3. Start the endpoint and store the endpoint id to be used in the following example

```shell
globus-compute-endpoint start custom-image-builder
```


## Example

Consider the following use-case where the user wants to execute a pandas operation on HPC using globus-compute.
They need a singularity image which would be used by the globus-compute executor.
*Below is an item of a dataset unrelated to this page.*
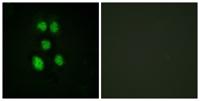 VAV1 Polyclonal Antibody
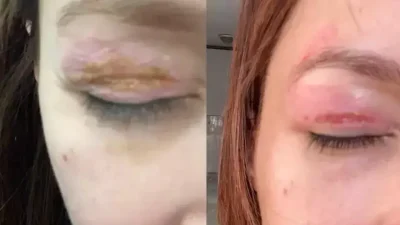 Diyarbakır’da yaşayan 28 yaşındaki Elif T., uygun fiyatlı güzellik operasyonu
The library can be leveraged as follows:

Locally you need to install the following packages, you can create a virtual env as follows:


```shell
cd example/

python3.9 -m venv venv

source venv/bin/activate

pip install globus-compute-sdk==2.2.0

pip install custom-image-builder
```


```python
from custom_image_builder import build_and_register_container
from globus_compute_sdk import Client, Executor


def transform():
    import pandas as pd
    data = {'Column1': [1, 2, 3],
            'Column2': [4, 5, 6]}

    df = pd.DataFrame(data)

    return "Successfully created df"


def main():
    image_builder_endpoint = "81b21a94-0e18-457d-98b5-05672a8a3b60"
    gcc_client = Client()

    container_id = build_and_register_container(gcc_client=gcc_client,
                                                endpoint_id=image_builder_endpoint,
                                                image_file_name="my-pandas-image",
                                                base_image_type="docker",
                                                base_image="python:3.8",
                                                pip_packages=["pandas"])

    print("The container id is", container_id)

    example_endpoint = "0b4e042b-edd5-4951-9ce5-6608c2ef6cb8"

    with Executor(endpoint_id=example_endpoint,
                  container_id="791a75b4-c2bd-40f1-85e0-ba17458c233b") as ex:
        fut = ex.submit(transform)

    print(fut.result())
```


## Note.
For the following example to work we must use the globus-compute-sdk version of 2.2.0 while setting up our endpoint.

The singularity image require globus-compute-endpoint as one of its packages in-order to run the workers as our custom 
singularity container, hence by default we require python as part of the image inorder to install globus-compute-endpoint.